What needs to be done:
Below is a listing to copy exactly; no image goes into the copy.

Source data:

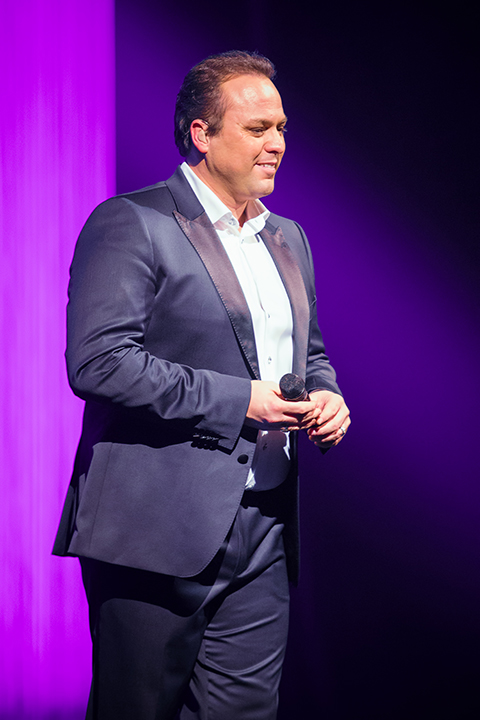 Frans Bauer @ Stadsschouwburg Antwerpen, picture 3, photographed by Elke Briers - FrontView Magazine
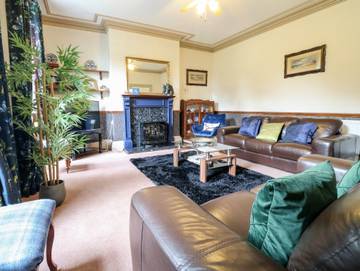 Log Cabin for 9 People in Alton Towers, Staffordshire, Photo 4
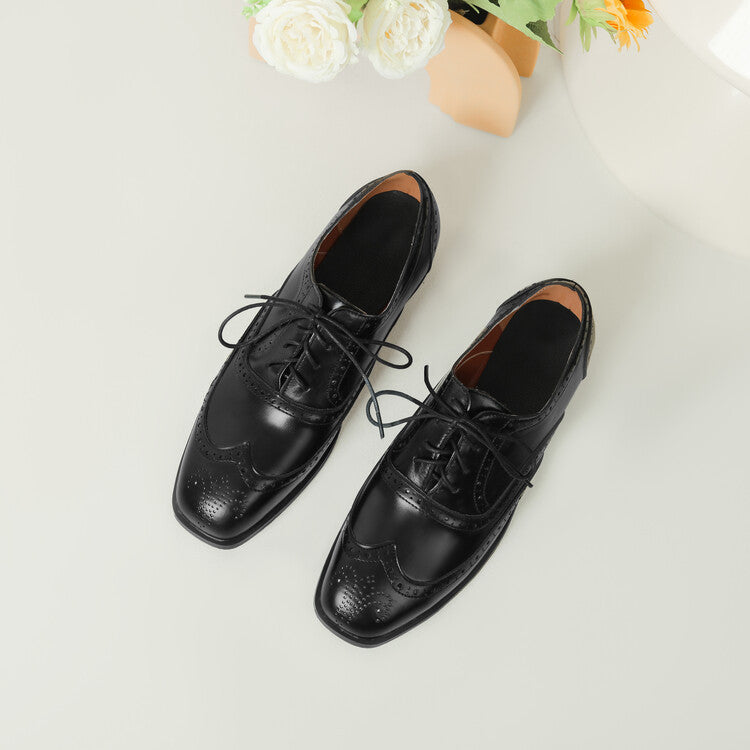 Chaussures Orthopédiques d'Inspiration Vintage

Answer for the task:
 Frans Bauer @ Stadsschouwburg Antwerpen, picture 3, photographed by Elke Briers - FrontView Magazine
 Log Cabin for 9 People in Alton Towers, Staffordshire, Photo 4
 Chaussures Orthopédiques d'Inspiration Vintage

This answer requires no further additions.